QRT-PCR results revealed that both CrAS and CrAO were expressed in all the aerial tissues with the highest expression levels in the leaves, but not in the roots of C. roseus. The gene expression data were consistent with the triterpenoid accumulation pattern in C. roseus, in which the highest concentrations of ursolic- and oleanolic acids were in the leaves. Moreover, the ratios of ursolic- and oleanolic acid produced in the yeast cells co-expressing CrAS and CrAO were close to that observed in all the aerial tissues of C. roseus. Therefore, it is reasonable to assume that CrAS and CrAO are involved in the productions of ursolic- and oleanolic acids in C. roseus. Although CrAO and other CYP716A members from different plants all function in C-28 oxidation of triterpene backbones, their organ-specific expressions are quite different. CYP716A12 from M. truncatula was expressed in both aerial and subterranean parts and preferentially expressed in the roots, which was consistent with the sapogenin distribution in the plant (Carelli et al. 2011). CYP716A15 and CYP716A17 from V. vinifera were coordinately expressed in the aerial parts, especially in the stems and fruit skins (Fukushima et al. 2011). Thus, the expression patterns of CYP716A subfamily members are closely associated with the distributions of triterpenoids in individual plant species.

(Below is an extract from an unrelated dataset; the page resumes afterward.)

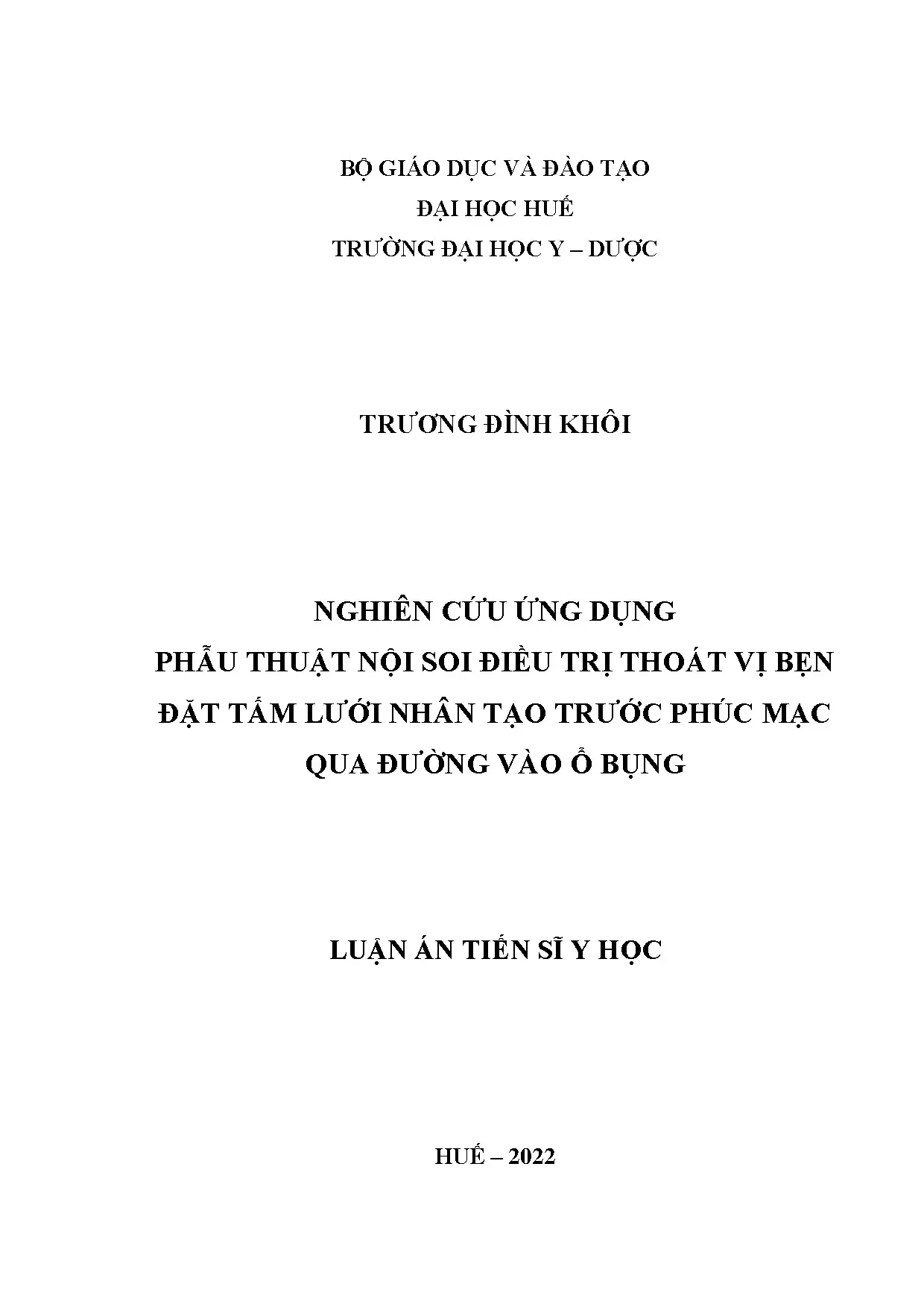Phẫu thuật nội soi điều trị thoát vị bẹn bằng tấm lưới nhân tạo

Synthetic biological approaches have been used in the production of natural products with interesting pharmacological properties in microorganism by co-expressing genes from different plant origins; these compounds include mono-, sesqui- and diterpenoids (Reiling et al. 2004; Ro et al. 2006; Bohlmann and Keeling 2008). The identification of CrAO in this study allows potentially the production of structurally related triterpenes with C-28 carboxyl groups using synthetic biological approaches. Given that betulinic acid is a promising anti-cancer and anti-viral agent, we have shown the possibility of producing betulinic acid in yeast cells by co-expressing AtLUP1 from A. thaliana and CrAO from C. roseus. The betulinic acid yield in the transgenic yeast cells was pretty low (roughly below 0.1 mg/L) at the moment, and further optimizations to improve the yields of betulinic acid in microbial hosts will be of particular interests. Through the manipulations of the upstream isoprenoid pathway and downstream sterol pathway, a moderate increase in β-amyrin levels was obtained in S. cerevisiae (Kirby et al. 2008). With more detailed manipulation and optimization, it will be possible to engineer the microbes capable of producing a significantly high amount of triterpenoids, like the achievement in the production of sesquiterpene precursor of antimalarial drug artemisinin in engineered yeast (Ro et al. 2006).